一言で言えば、ちょっとでかいバイオリンってとこですよ。
画像はこちらですけど、パッと見、バイオリンと違いがわからないくらい。
形はほぼ同じで、一回りバイオリンよりでかい。でかいので、音域はバイオリンよりもちょっと下です。体の大きい人の声が低いのと同じ原理です。
あれですよ、皇太子さまが弾くことで有名な楽器ですよ。

ビオラ1台の音色はこちら。







10人集まったビオラセクションの音色はこちら。







バイオリンほど尖った音でなく、チェロほど押しの強くない音ですわね。
高い方の音は、ちょっとくぐもった感じにも聞こえます。
控えめな30代の貴婦人といった趣です。
ストリングス軍団の中で、主役を張ることはなかなかないんですけど、3歩下がって主役を立てるような懐の深さがありますな。
バイオリンほどとんがっていなくて、優美な印象があります。

音域はこんな感じ。

viola-1

おや。

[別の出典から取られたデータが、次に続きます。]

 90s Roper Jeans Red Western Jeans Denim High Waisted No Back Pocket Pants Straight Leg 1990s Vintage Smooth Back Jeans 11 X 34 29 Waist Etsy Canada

この音部記号は何でしょうな。
ト音記号でもヘ音記号でもない。
こちらは、「ハ音記号」と申しまして、ビオラはこいつで記すことになっておるのです。
5線の3本目(真ん中の線)が、中央の「ド」の音になります。
ト音記号とヘ音記号で記した音域がこちら。

viola-2

ねえ。こう書いてくれればわかりやすいのにね。
ちょうど音域がト音記号とヘ音記号にまたがるんで、ハ音記号を使わないと、しょっちゅう記号を書き直さなきゃいけないんで。
だからハ音記号を使うんですな。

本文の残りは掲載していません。